Norway has its fair share of cheese. The regular block of white/yellow cheese is pretty much standard in most Norwegian households: surveys say around 12 kilos of the stuff is consumed per capita per year. That’s a lot of cheese!
But it's not the only cheese that’s eaten here. After some tedious yet delicious research, here is a small taste of what Norway has to offer.
As mentioned above, the most popular form of cheese in Norway that can be seen in almost every kitchen throughout the country is hvitost/gulost. There are several different brands, but the most popular two are certainly Jarlsberg and Norvegia. For the poor students out there the store brands are almost as good too!
For the most part it is eaten on bread or crackers, but it makes an appearance just about in any dish that craves some cheese in Norway. Get yourself a Norwegian cheese slicer (argued as one of the greatest inventions in Norway), and shave off a few slices for breakfast, lunch, or kveldsmat.
Norwegian brown cheese
You can’t have an article about Norwegian cheese without including this… invention. Brown cheese is not technically cheese, and has a much different taste and texture than most other cheeses. It has sweet, caramel, almost chocolaty taste depending on which brand and colour you go with.

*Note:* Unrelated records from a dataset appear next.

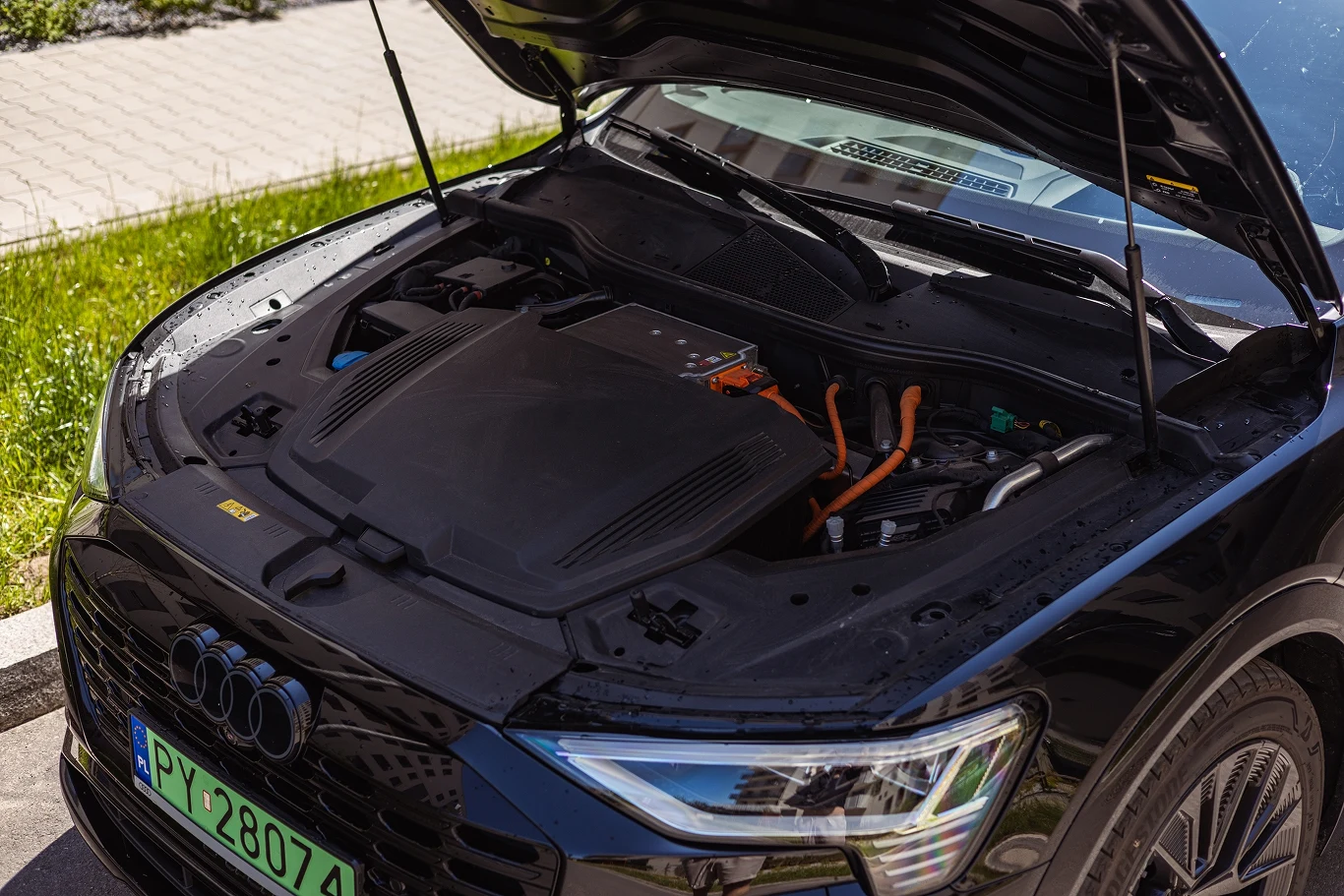 Audi Q8 e-tron Sportback Audi Q8 e-tron Sportback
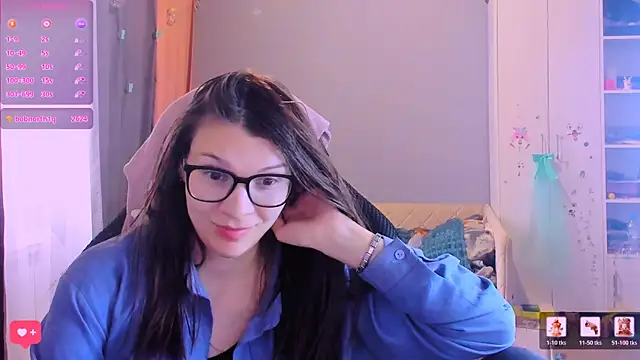 Snapshot of MollyLollipop chatting on 03/27/26, 03:45 MollyLollipop online show from 03/27/26, 03:45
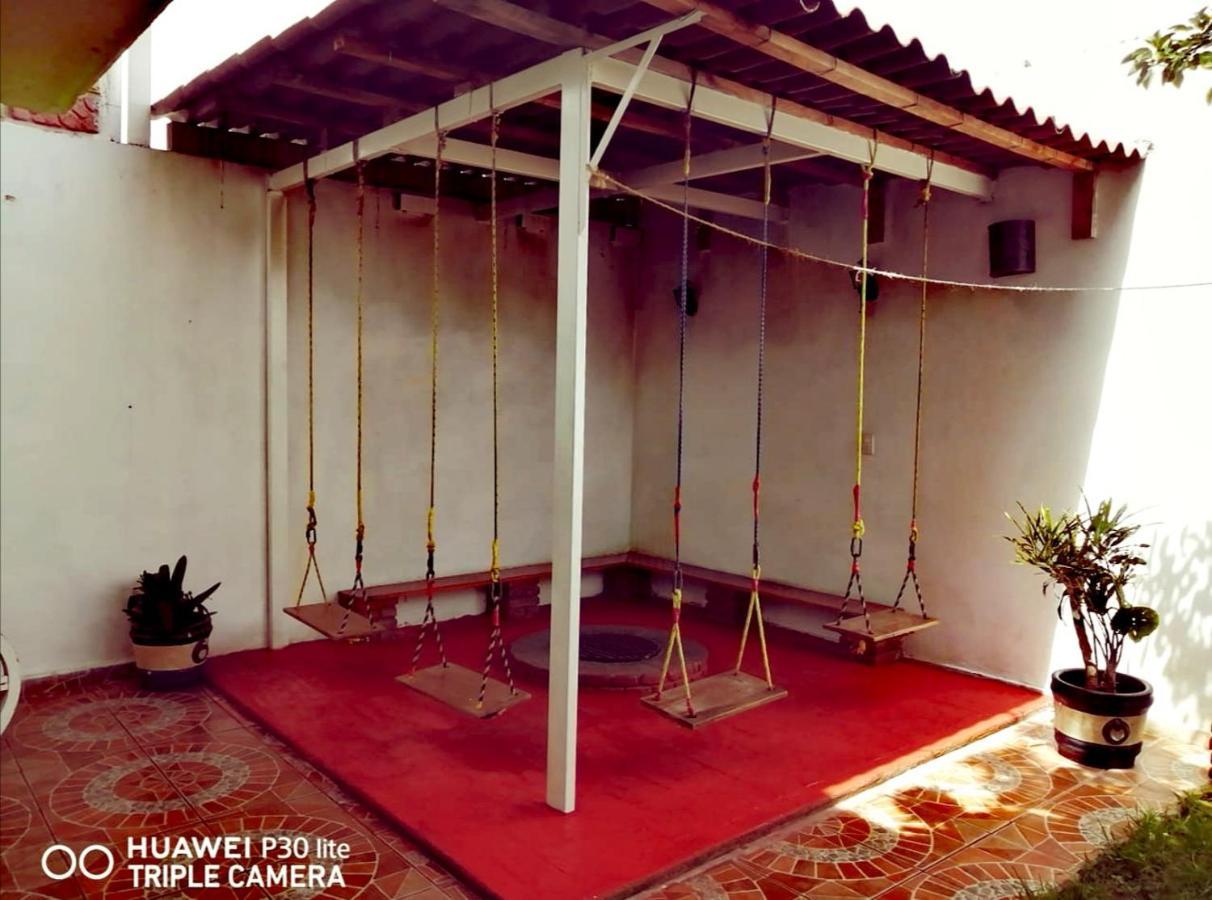 Bonito Departamento Fam cómodo capacidad 11 pax planta baja Zacatlán Exterior foto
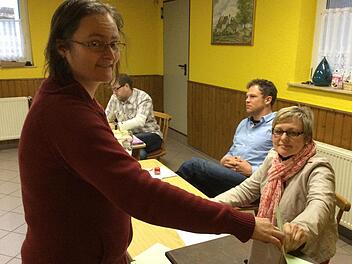 Wahllokal in Singenrain (von links): Anita Reyskens (Wählerin) mit den Wahlhelfern Petra Vogler und Andreas Wegner. Foto: Ralf Ruppert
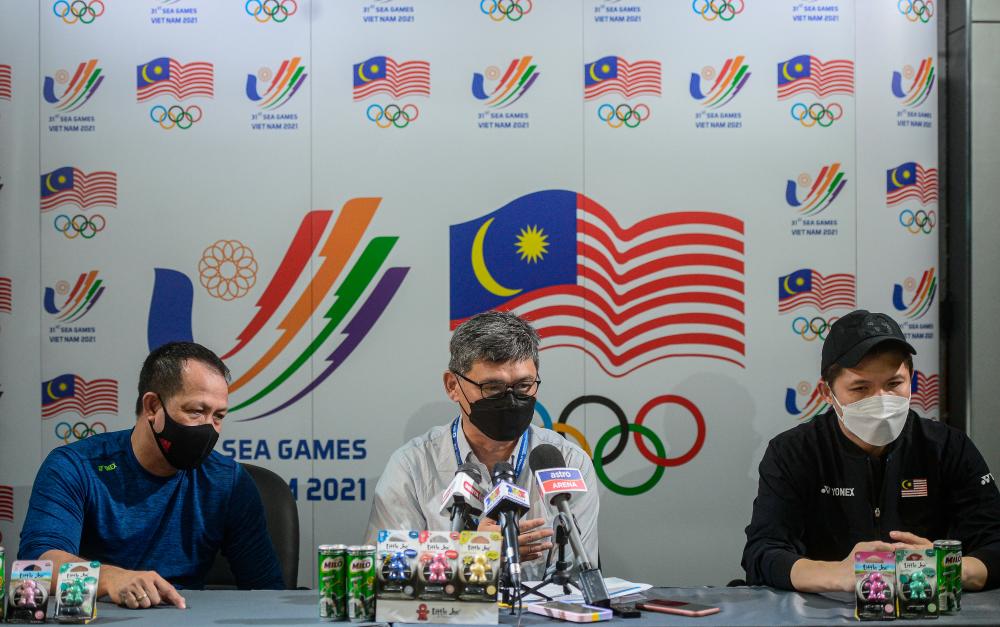 KUALA LUMPUR, March 2 - Badminton Association of Malaysia (BAM) secretary -general Datuk Kenny Goh (center) spoke at a press conference on preparations for the 2021 Hanoi SEA Games after attending the SEA Games selection committee meeting and final winding up at Wisma OCM today. BERNAMApix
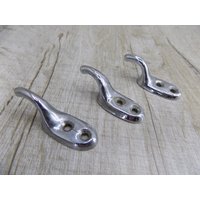 3 Vintage Metall Kleiderhaken Rustikales Silber Udssr Wolga-Autoteile 3 Vintage Metall Kleiderhaken Rustikales Silber Udssr Wolga-Autoteile von VintagioUA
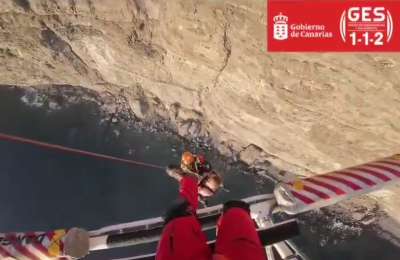 VIDEO: Stranded hikers rescued by helicopter from the cliffs of Los Gigantes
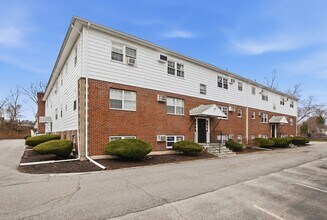 6 Venice St in Danvers, MA - Building Photo - Building Photo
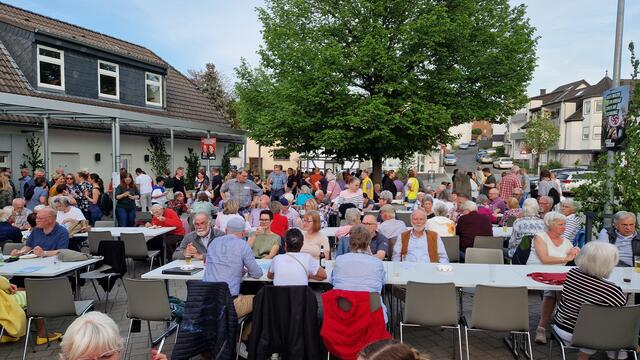 Das Frühsommer-Wetter am Vorabend zum 1. Mai lockte viele Besucher zu den Maiveranstaltungen auf die Dorfplätze – so viele Menschen wie auf dem Vorplatz am Niederbachemer Henseler Hof sah man bisher noch nie dort gemeinsam. | Foto: AS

Brown cheese can be a very decisive topic. Some love it; some hate it, but giving it a taste is more or less a requirement for those coming to Norway. For first time tasters I recommend trying it on a Norwegian waffle with a dab of strawberry preserve. That’s where I first acclimated to the taste and now I eat it daily!
Bread and Waffles are the primary devices for mouth delivery of brown cheese, though it isn’t hard to find some more creative uses.
Creamy cheeses can be found in abundance at any grocery store. From the familiar, international brands like Philadelphia to Snøfrisk and other strictly Norwegian cheeses.
Flavours vary from a standard variant to slightly more exotic, like Horseradish and Chanterelle. There are also different types of cream cheese, mainly goat vs. cow’s milk.
While bagels are a little hard to come by in this neck of the woods, nothing beats a little cream cheese and salmon on good bread!
World Cheese Awards
In 2016, a cheese maker from Norway took home a number of prizes for their bleu cheese, including the world champion title. Thus making Tingvollost’s Kraftkar the best cheese found on planet earth.
After more than 3,000 cheeses were judged, the cheese from the west coast of Norway was the cream of the crop. While Tingvollost produce several different types of cheese, their mouldy, crumbly, bleu was judged as the best.
Tingvollost is a family-run affair. They even use their own cows to produce milk for their products. 2018 will see the World Cheese Awards come to Norway. So see you in Bergen in this November.
This is another cheese often found in a Norwegian kitchen. Sometimes called “cumin cheese” because of the added spices.
Eaten much the same as Hvitost (though less so in cooking), this cheese ads a little extra kick to sandwiches and crackers. Key Cheese is definitely recommended with some smokier flavoured meat.
Add a little spice to your morning bread with some Nøkkelost!
Not for the faint of heart, this is one of the smellier cheeses on offer in Norway.
Very much a traditional cheese, Gamalost has its roots going back to the time of Vikings. Back then it was thought to enhance sexual prowess and has quite a funny nickname: Viking Viagra. Because of its long history and tradition the cheese is now protected by Norwegian law to try and preserve the country’s food culture.
Gamalost is a sharp, slightly bitter hard cheese and is typically delivered via brad or crackers. Often a preserve, fruit, or berries are topped on to counteract the slightly bitter flavour and grainy texture.
Another cheese with a long history in Norway is Pultost – a loose, crumbly, sour milk cheese flavoured with caraway.
The translation for this cheese is difficult. Many believe the name came from the Danish word for lump: pult. Others cry out that is has Latin roots from the word pulta, meaning porridge.
Pultost has a few different recommended ways to try it. Rye or wheat bread are a go-to, but also baked potatoes with sour cream and some Norwegian flatbread on the side. It can also be found alongside cured meats, and even occasionally dipped in aquavit!
What's your favourite Norwegian cheese?